END MODULE variables


program test
  use variables

  implicit none

  integer             :: N
  integer             :: loop_max = 1e6
  integer             :: ii                    ! loop index
  real                :: DETERM

  real :: t1, t2
  real :: t_ID_OG, t_ID_header, t_ID_no_ID, t_OG_no_ID, t_allocate

  character(*), parameter :: format_header = '((A5, 1X), 20(A12,1X))'
  character(*), parameter :: format_data = '((I5, 1X), 20(ES12.5, 1X))'

  open(1, file = 'TimingSubroutines_ID.txt', status = 'unknown')
  write(1,format_header) 'N', 't_Legacy', 't_header', 't_head_No_ID', 't_Leg_no_ID', &
                            & 't_allocate'

  do N = 1, 100

    allocate(ID(N))


    call CPU_time(t1)
    do ii = 1, loop_max
      CALL ID_OG(N, DETERM)
    end do
    call CPU_time(t2)
    t_ID_OG = t2 - t1
    print*, N, DETERM


    call CPU_time(t1)
    do ii = 1, loop_max
      CALL ID_header(N, DETERM)
    end do
    call CPU_time(t2)
    t_ID_header = t2 - t1
    print*, N, DETERM


    call CPU_time(t1)
    do ii = 1, loop_max
      CALL ID_header_no_ID(N, DETERM)
    end do
    call CPU_time(t2)
    t_ID_no_ID = t2 - t1
    print*, N, DETERM


    call CPU_time(t1)
    do ii = 1, loop_max
      CALL ID_OG_no_ID(N, DETERM)
    end do
    call CPU_time(t2)
    t_OG_no_ID = t2 - t1
    print*, N, DETERM


    call CPU_time(t1)
    do ii = 1, loop_max
      CALL ID_OG_allocate(N, DETERM)
    end do
    call CPU_time(t2)
    t_allocate = t2 - t1
    print*, N, DETERM


    deallocate(ID)
    write(1,format_data) N, t_ID_OG, t_ID_header, t_ID_no_ID, t_OG_no_ID, t_allocate

  end do



end program test


subroutine ID_OG(N, DETERM)
  use variables, only: ID
  implicit real (A-H,O-Z)
  implicit integer(I-N)


  DETERM = 1.0
  DO 1 I=1,N
1       ID(I)=0
  DETERM = sum(ID)

end subroutine ID_OG



subroutine ID_header(N, DETERM)
  use variables, only: ID
  implicit none

  integer, intent(in)  :: N
  real,    intent(out) :: DETERM
  integer              :: I


  DETERM = 1.0
  DO 1 I=1,N
1       ID(I)=0
  DETERM = sum(ID)

end subroutine ID_header



subroutine ID_header_no_ID(N, DETERM)
  implicit none

  integer, intent(in)  :: N
  real,    intent(out) :: DETERM
  integer              :: I
  real, dimension(N)   :: ID


  DETERM = 1.0
  DO 1 I=1,N
1       ID(I)=0
  DETERM = sum(ID)

end subroutine ID_header_no_ID


subroutine ID_OG_no_ID(N, DETERM)
  implicit real (A-H,O-Z)
  implicit integer(I-N)
  real, dimension(N)   :: ID


  DETERM = 1.0
  DO 1 I=1,N
1       ID(I)=0
  DETERM = sum(ID)

end subroutine ID_OG_no_ID


subroutine ID_OG_allocate(N, DETERM)
  implicit real (A-H,O-Z)
  implicit integer(I-N)
  real, dimension(:), allocatable :: ID

  allocate(ID(N))


  DETERM = 1.0
  DO 1 I=1,N
1       ID(I)=0
  DETERM = sum(ID)

end subroutine ID_OG_allocate

Solution

Allocating the arrays takes time. The compiler is free to allocate the local arrays where-ever it wants, but it can typically be adjusted by compiler-specific flags. Use -fstack-arrays for gfortran to force local arrays to stack.

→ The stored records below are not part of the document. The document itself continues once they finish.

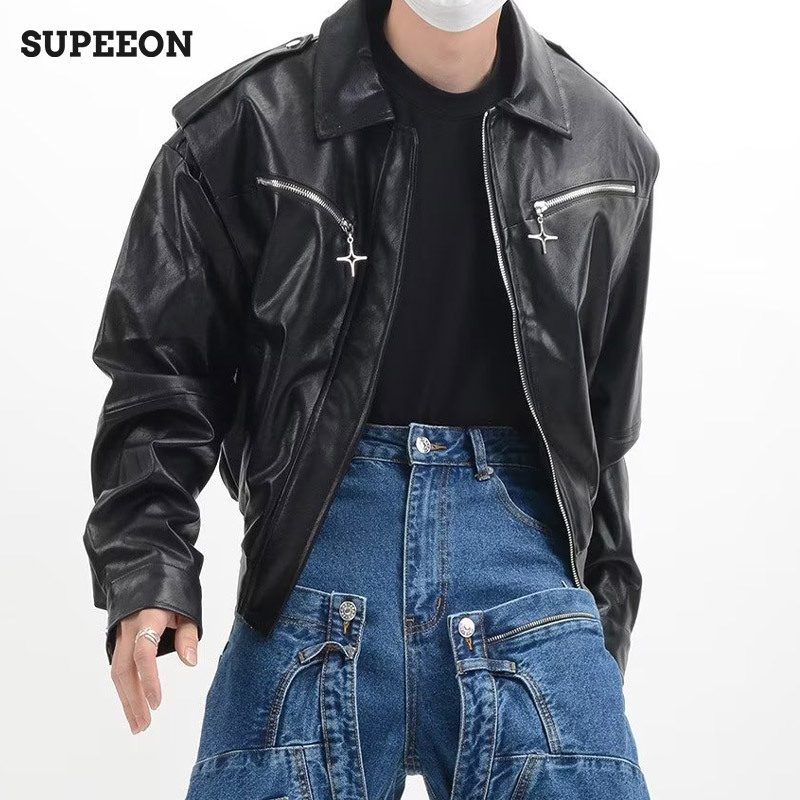 SUPEEON Men s fashion design sense leather jacket flying motorcycle suit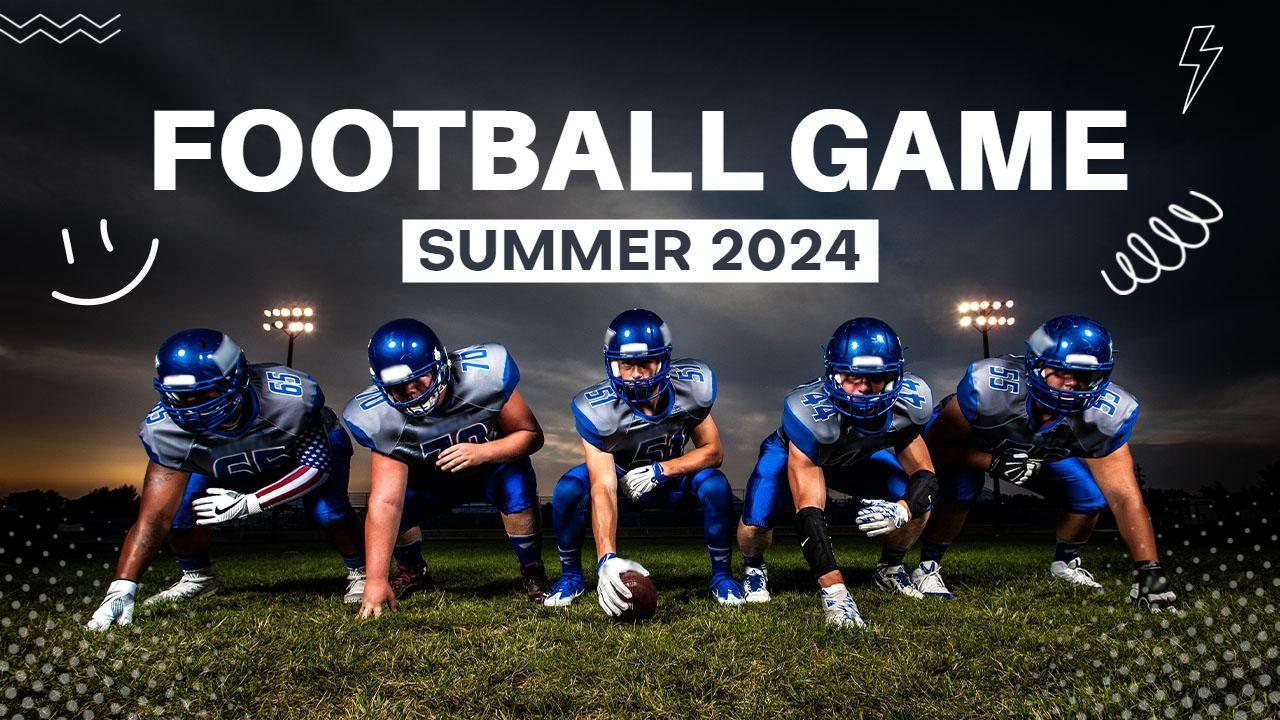 Exciting Summer Football Game Action YouTube Thumbnail Template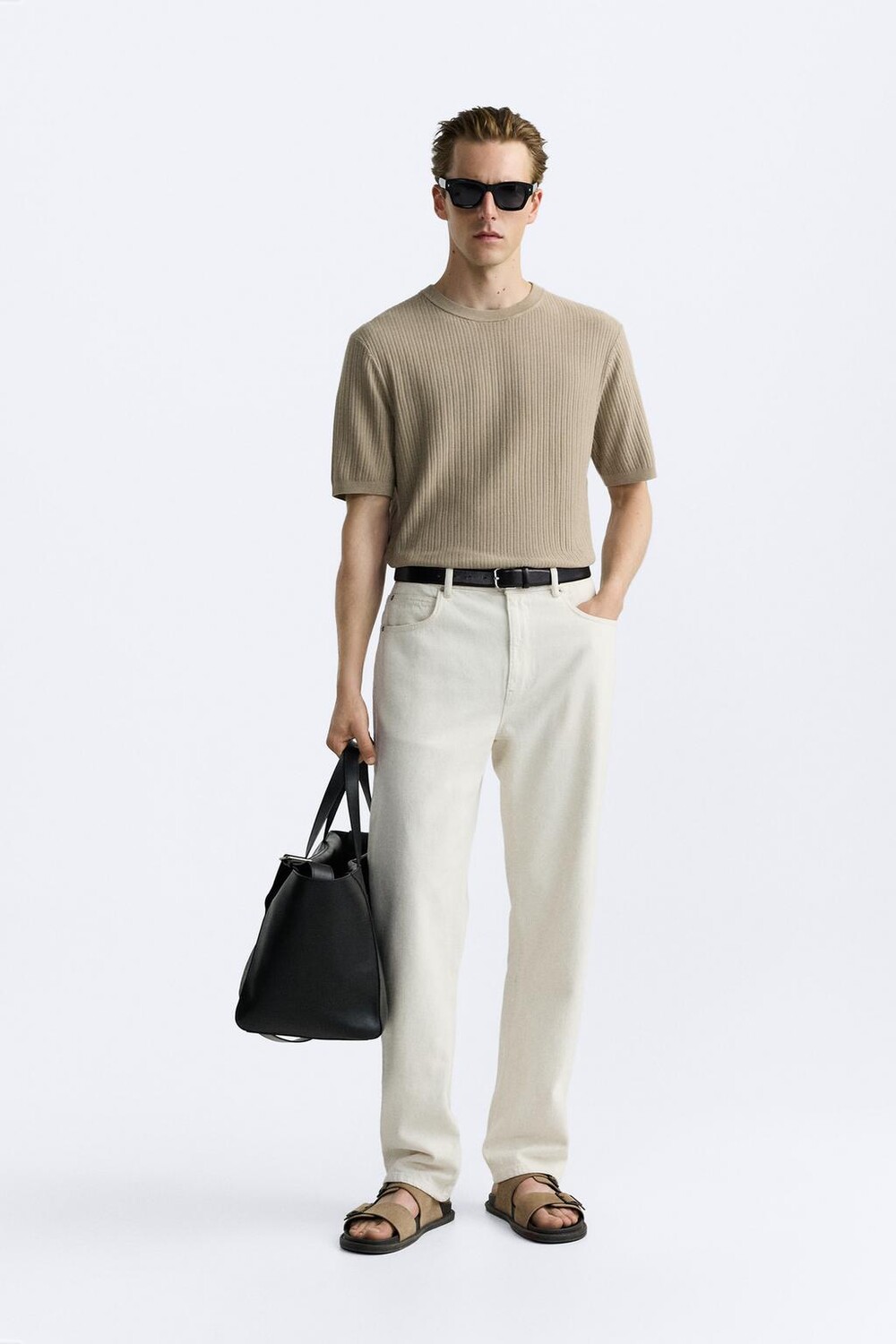 

Футболка из ребристого трикотажа ZARA, темный загар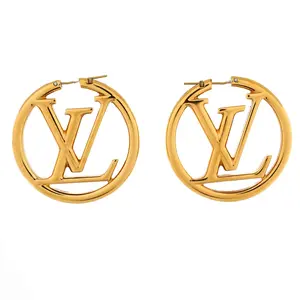 Pre-owned Louis Vuitton Louise Hoop Earrings Metal GM by Rebag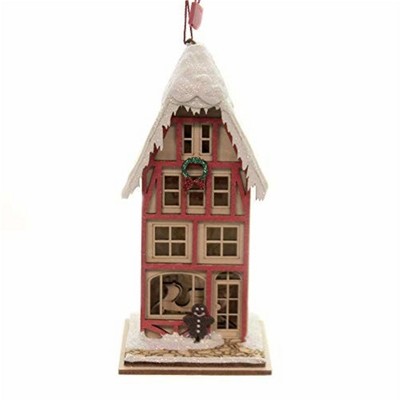 Old World Christmas Ginger Cottages Wooden Ornament, Tannenbaum Toboggan Company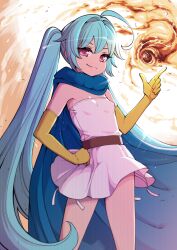 Rule 34 | 1girl, ahoge, bare shoulders, belt, blue hair, breasts, cloak, closed mouth, cowboy shot, dragon quest, dragon quest iii, dress, elbow gloves, fire, gloves, hanauna, long hair, looking at viewer, pink eyes, sage (dq3), small breasts, solo, strapless, very long hair, white dress, yellow gloves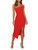 LYANER Women's Spaghetti Straps Split Slit Hem Sleeveless Zipper Bodycon Midi Dress Red X-Small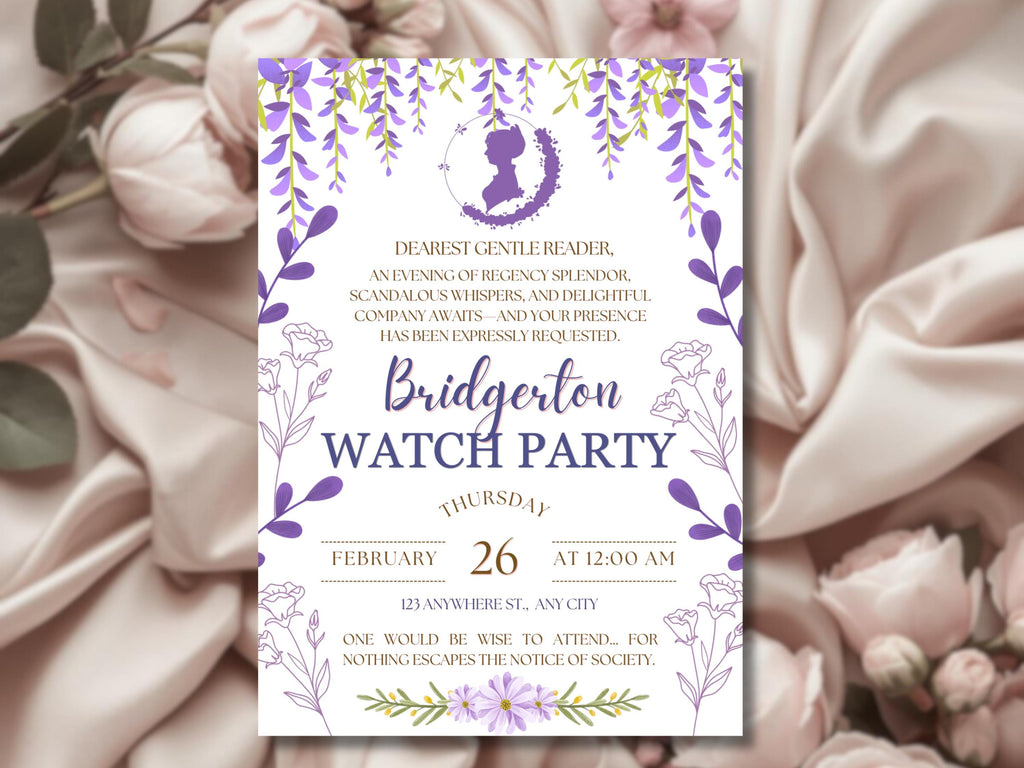 Classic Party Invitation Template | Lady Royalty Style Invite | Regency Tea Party, Bridal Shower, Birthday, Digital Download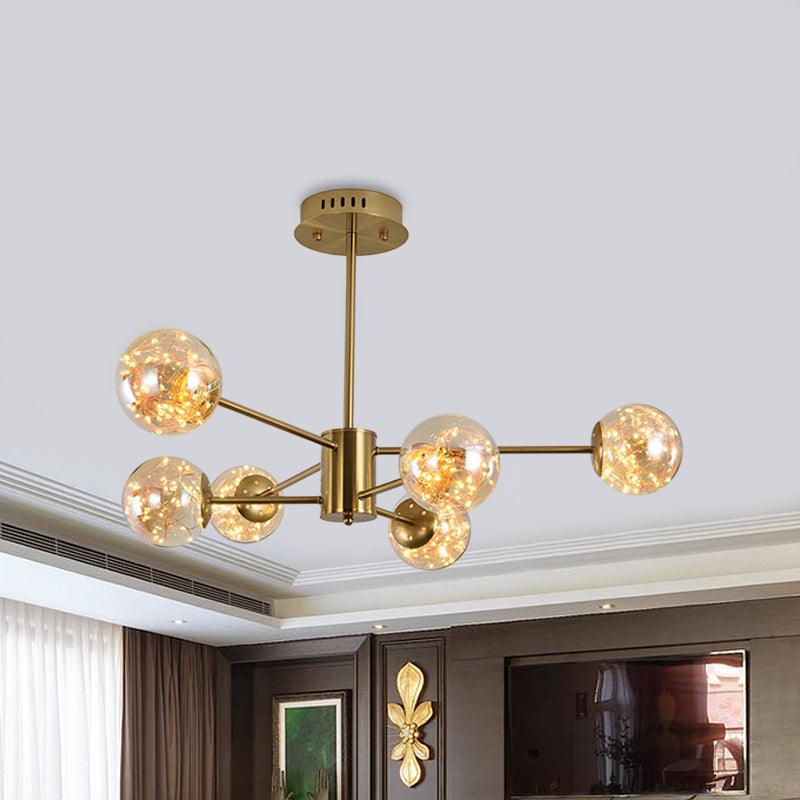 Amber Glass Ball Suspension Light Modernist 6/8 Heads Chandelier - Rebooters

Allocating on the stack is just changing the stack pointer, it is virtually for free. Allocating on the heap, however, is more involved and requires some bookkeeping.

There are situations where local variables are in order and there are situations where global (module) variables are in order. One can also use local saved variables or variables that are components of some objects. One cannot say which one is better without seeing the complete design of the code in question.

FWIW, with -fstack-arrays I do not see much difference except when allocating explicitly using allocate():

Explicit allocate will always use the heap.

Without -fstack-arrays I do see some:

The graphs are quite noisy because my notebook is running many processes at the same time.

This is not to say that one should always use -fstack-arrays, I used to demonstrate the difference. The option is useful, but care must be taken to avoid a stack overflow error. -fmax-stack-var-size may help with that.